Building freeze, politics affect young couples in Yehuda and Shomron

Posted

By Baruch Spier

Issue of July 10, 2009 / 18 Tammuz 5769

Former Far Rockaway resident Ari Singer and his wife, Rivka, can’t find a suitable improvement to their small basement apartment in Beit El, in the Benjamin region in the West Bank. They have been struggling over the last five months in search of an apartment near other young couples.

“If there is a place that’s available we call up the next day and they say, ‘not available anymore,’” said Rivka about searching for apartments listed in local newspapers and on email list-serves.

The head of the Beit El council, Moshe Rosenbaum, told the Jewish Star this week that he hopes more people come to live in the communities of the West Bank. However, due to building restrictions enacted in 2005, construction of new residences has been severely impeded.

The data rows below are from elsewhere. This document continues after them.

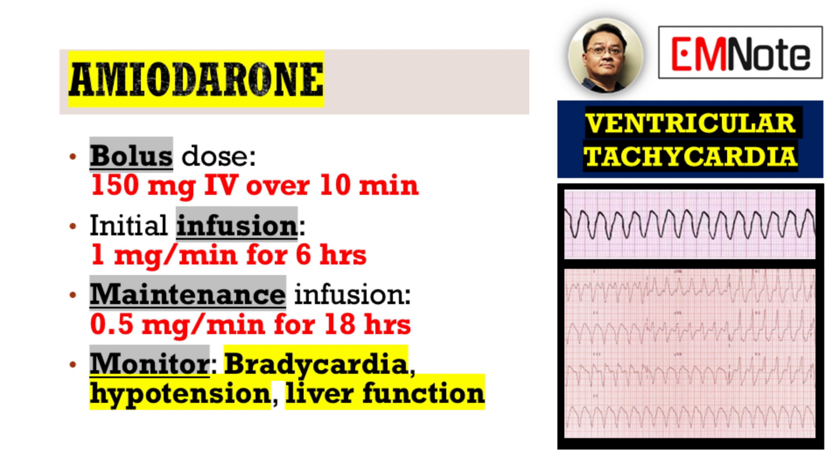Finally, amiodarone stands as another vital agent in the management of ventricular tachycardia. The recommended bolus dose for amiodarone is 150 milligrams intravenously over 10 minutes. Following the bolus, a continuous infusion of 1 milligram per minute intravenously for 6 hours is typically initiated, followed by a maintenance infusion of 0.5 milligrams per minute for the subsequent 18 hours.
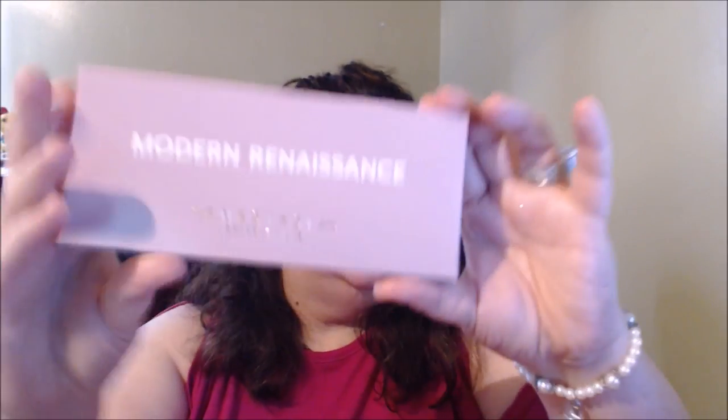Lastly, I've been wanting this forever — the Anastasia Beverly Hills Modern Renaissance palette. Everybody's been talking about it and I won't take it out since y'all have probably seen it so many times, but I did pick it up. It's right in my colors. Thank you so much for watching — if you liked this video please give it a thumbs up, subscribe and hit the bell to be notified. As always, remember to be yourself, love yourself, and let the real beauty shine through. Love you guys, bye!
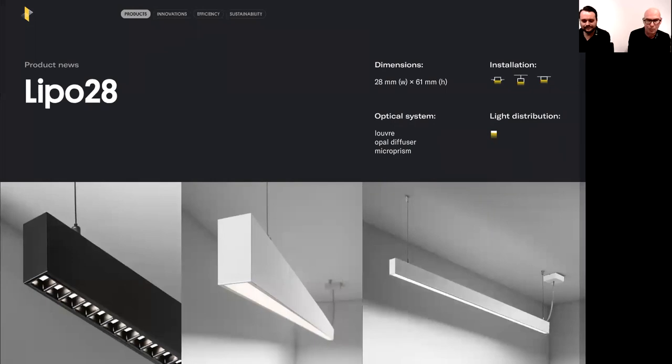The LIPO family luminaires have only direct light distribution and can be recessed, surface mounted, or suspended. They can be equipped with an open micro-prism and a louver for the lowest UGR possible. The dimensions are the same as the LINA 28 luminaire. You can choose between multiple luminaire fluxes, with the highest value approximately 2,500 lumen per meter.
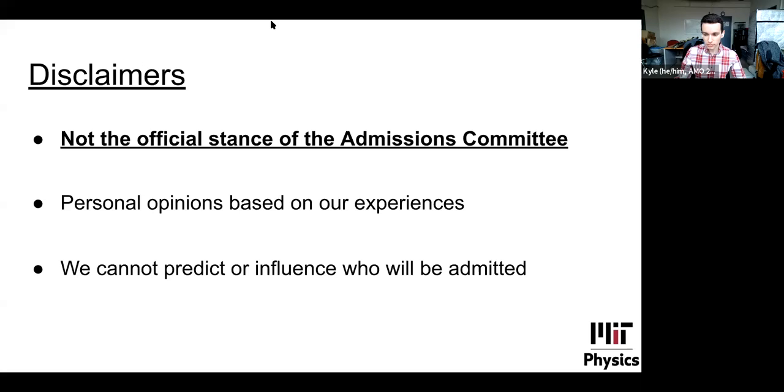We'll walk you through some resources available on the website, and then get into answering questions. So I want to start off by saying this is not the official stance of the admissions committee. Things we say here are based on our personal experiences and opinions as students who have gone through this process and who are current students in the physics department at MIT. We cannot predict or influence who will be admitted based on what happens in this webinar.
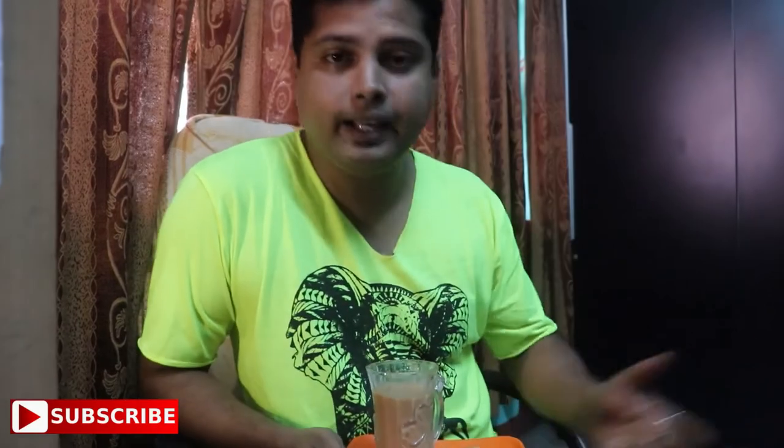So, here it is. Dosto, you can see that I am packed with my tea and my biscuits.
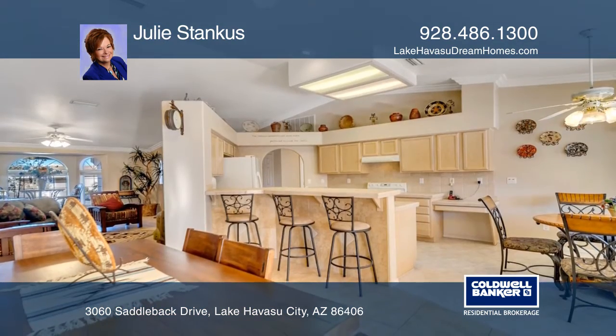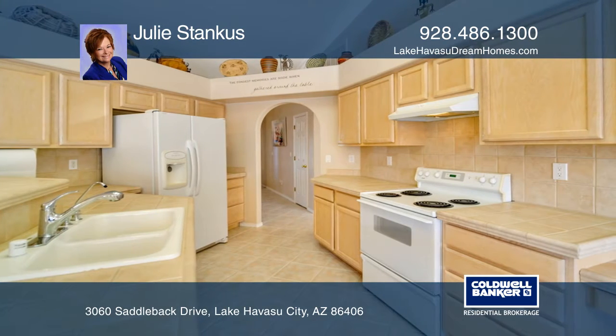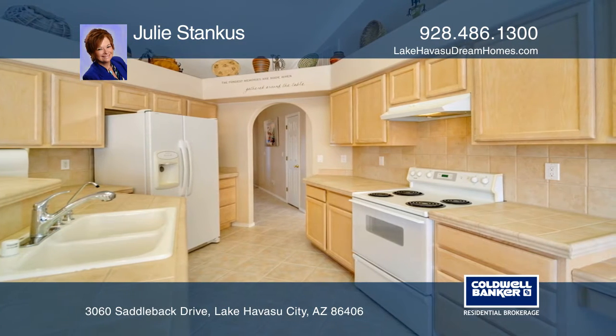It features an open-concept living area that is great for entertaining. The kitchen includes tons of cabinet space and a breakfast nook with views of the beautiful backyard.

The lack of housing has not discouraged idealistic young couples from trying to move into the West Bank, said Etzion bloc real estate agent Michael Lourie. Lourie added that the influx of would-be residents has only intensified since President Barack Obama called for a freeze on settlement growth.

According to Lourie, the housing situation is unlikely to improve in Israel’s current political environment. Although Prime Minister Benjamin Netanyahu has so far ignored pressures from President Obama to freeze natural growth in the settlements, he also neither favors unnatural expansion nor establishing new communities.

Council head Rosenbaum explained that all new construction in Beit El was frozen in 2005 and new construction is only allowed under permits predating 2005. Beit El’s new residents can only find housing in a spare floor or basement that is turned into an apartment, or in the caravans found on the outskirts of many towns.

A caravan trailer is usually the size of a two-bedroom apartment, and permission is unnecessary to build the housing units now common for new couples in the community. However, Rosenbaum said that Beit El has more than enough caravans and isn’t allowing construction of new trailers.

Besides for Beit El, the Singers have also searched the Etzion block for housing. They hope to find a place close to Rivka’s parents who live in Efrat.

“I grew up in the settlements, it’s the quality of life that I am used to,” said Rivka about her and her husband’s refusal to move to Jerusalem or another nearby city. The Singers have tried to find a caravan for rent in a suitable community. Costing its tenants only 1300 NIS per month in a city like Efrat, the caravan is a cheaper option than neighborhood housing. Unfortunately, the Singers have been left disgruntled by the process to obtain a caravan.

“You have to be on a waiting list,” Ari Singer said of the requirements to move into a municipality-owned caravan, “you have to pay, you have to come for Shabbat.” A few communities even asked for a handwriting analysis, he said.